What this task involves:
Each record should be reproduced exactly.

(Exercise data Opens)

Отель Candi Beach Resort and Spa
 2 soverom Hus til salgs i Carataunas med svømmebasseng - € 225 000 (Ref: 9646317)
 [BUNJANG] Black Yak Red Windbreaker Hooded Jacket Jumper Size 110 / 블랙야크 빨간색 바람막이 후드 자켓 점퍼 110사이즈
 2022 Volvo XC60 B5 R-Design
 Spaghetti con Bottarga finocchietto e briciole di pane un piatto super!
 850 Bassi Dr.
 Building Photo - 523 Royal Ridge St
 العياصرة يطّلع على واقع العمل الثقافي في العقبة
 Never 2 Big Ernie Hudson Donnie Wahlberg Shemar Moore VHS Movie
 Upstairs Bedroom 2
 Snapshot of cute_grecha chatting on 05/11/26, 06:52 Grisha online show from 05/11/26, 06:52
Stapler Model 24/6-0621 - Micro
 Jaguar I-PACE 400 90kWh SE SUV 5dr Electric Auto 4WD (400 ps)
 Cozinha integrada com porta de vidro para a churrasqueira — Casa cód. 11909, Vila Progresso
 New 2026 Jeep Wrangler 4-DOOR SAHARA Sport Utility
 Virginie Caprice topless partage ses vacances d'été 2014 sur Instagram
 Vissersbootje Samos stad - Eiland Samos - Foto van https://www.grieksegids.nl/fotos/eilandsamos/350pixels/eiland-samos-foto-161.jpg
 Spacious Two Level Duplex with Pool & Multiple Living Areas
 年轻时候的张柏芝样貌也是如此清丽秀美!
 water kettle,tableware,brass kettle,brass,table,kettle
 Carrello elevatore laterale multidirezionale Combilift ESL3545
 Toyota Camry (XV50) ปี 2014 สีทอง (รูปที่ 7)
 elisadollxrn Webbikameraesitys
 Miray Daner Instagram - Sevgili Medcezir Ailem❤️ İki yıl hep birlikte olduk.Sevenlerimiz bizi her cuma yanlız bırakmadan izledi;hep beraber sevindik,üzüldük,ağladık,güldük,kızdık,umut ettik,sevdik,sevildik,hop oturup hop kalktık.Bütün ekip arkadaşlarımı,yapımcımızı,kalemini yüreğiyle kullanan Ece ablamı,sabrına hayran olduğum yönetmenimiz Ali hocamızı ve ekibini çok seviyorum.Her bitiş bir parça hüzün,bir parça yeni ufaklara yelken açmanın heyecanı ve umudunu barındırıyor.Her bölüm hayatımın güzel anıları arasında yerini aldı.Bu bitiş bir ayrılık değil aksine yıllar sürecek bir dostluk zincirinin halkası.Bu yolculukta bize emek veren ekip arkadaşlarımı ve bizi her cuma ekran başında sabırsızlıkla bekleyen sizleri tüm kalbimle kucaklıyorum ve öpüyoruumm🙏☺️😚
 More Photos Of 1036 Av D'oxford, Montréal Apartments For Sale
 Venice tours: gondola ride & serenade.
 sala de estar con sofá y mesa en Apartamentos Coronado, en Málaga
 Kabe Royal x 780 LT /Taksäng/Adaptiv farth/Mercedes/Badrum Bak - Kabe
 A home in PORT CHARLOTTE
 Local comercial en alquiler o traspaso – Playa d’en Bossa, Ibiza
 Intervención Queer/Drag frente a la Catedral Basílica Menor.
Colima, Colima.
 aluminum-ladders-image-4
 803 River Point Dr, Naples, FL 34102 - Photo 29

(Exercise data Closes)

Result for this task:
Отель Candi Beach Resort and Spa
 2 soverom Hus til salgs i Carataunas med svømmebasseng - € 225 000 (Ref: 9646317)
 [BUNJANG] Black Yak Red Windbreaker Hooded Jacket Jumper Size 110 / 블랙야크 빨간색 바람막이 후드 자켓 점퍼 110사이즈
 2022 Volvo XC60 B5 R-Design
 Spaghetti con Bottarga finocchietto e briciole di pane un piatto super!
 850 Bassi Dr.
 Building Photo - 523 Royal Ridge St
 العياصرة يطّلع على واقع العمل الثقافي في العقبة
 Never 2 Big Ernie Hudson Donnie Wahlberg Shemar Moore VHS Movie
 Upstairs Bedroom 2
 Snapshot of cute_grecha chatting on 05/11/26, 06:52 Grisha online show from 05/11/26, 06:52
Stapler Model 24/6-0621 - Micro
 Jaguar I-PACE 400 90kWh SE SUV 5dr Electric Auto 4WD (400 ps)
 Cozinha integrada com porta de vidro para a churrasqueira — Casa cód. 11909, Vila Progresso
 New 2026 Jeep Wrangler 4-DOOR SAHARA Sport Utility
 Virginie Caprice topless partage ses vacances d'été 2014 sur Instagram
 Vissersbootje Samos stad - Eiland Samos - Foto van https://www.grieksegids.nl/fotos/eilandsamos/350pixels/eiland-samos-foto-161.jpg
 Spacious Two Level Duplex with Pool & Multiple Living Areas
 年轻时候的张柏芝样貌也是如此清丽秀美!
 water kettle,tableware,brass kettle,brass,table,kettle
 Carrello elevatore laterale multidirezionale Combilift ESL3545
 Toyota Camry (XV50) ปี 2014 สีทอง (รูปที่ 7)
 elisadollxrn Webbikameraesitys
 Miray Daner Instagram - Sevgili Medcezir Ailem❤️ İki yıl hep birlikte olduk.Sevenlerimiz bizi her cuma yanlız bırakmadan izledi;hep beraber sevindik,üzüldük,ağladık,güldük,kızdık,umut ettik,sevdik,sevildik,hop oturup hop kalktık.Bütün ekip arkadaşlarımı,yapımcımızı,kalemini yüreğiyle kullanan Ece ablamı,sabrına hayran olduğum yönetmenimiz Ali hocamızı ve ekibini çok seviyorum.Her bitiş bir parça hüzün,bir parça yeni ufaklara yelken açmanın heyecanı ve umudunu barındırıyor.Her bölüm hayatımın güzel anıları arasında yerini aldı.Bu bitiş bir ayrılık değil aksine yıllar sürecek bir dostluk zincirinin halkası.Bu yolculukta bize emek veren ekip arkadaşlarımı ve bizi her cuma ekran başında sabırsızlıkla bekleyen sizleri tüm kalbimle kucaklıyorum ve öpüyoruumm🙏☺️😚
 More Photos Of 1036 Av D'oxford, Montréal Apartments For Sale
 Venice tours: gondola ride & serenade.
 sala de estar con sofá y mesa en Apartamentos Coronado, en Málaga
 Kabe Royal x 780 LT /Taksäng/Adaptiv farth/Mercedes/Badrum Bak - Kabe
 A home in PORT CHARLOTTE
 Local comercial en alquiler o traspaso – Playa d’en Bossa, Ibiza
 Intervención Queer/Drag frente a la Catedral Basílica Menor.
Colima, Colima.
 aluminum-ladders-image-4
 803 River Point Dr, Naples, FL 34102 - Photo 29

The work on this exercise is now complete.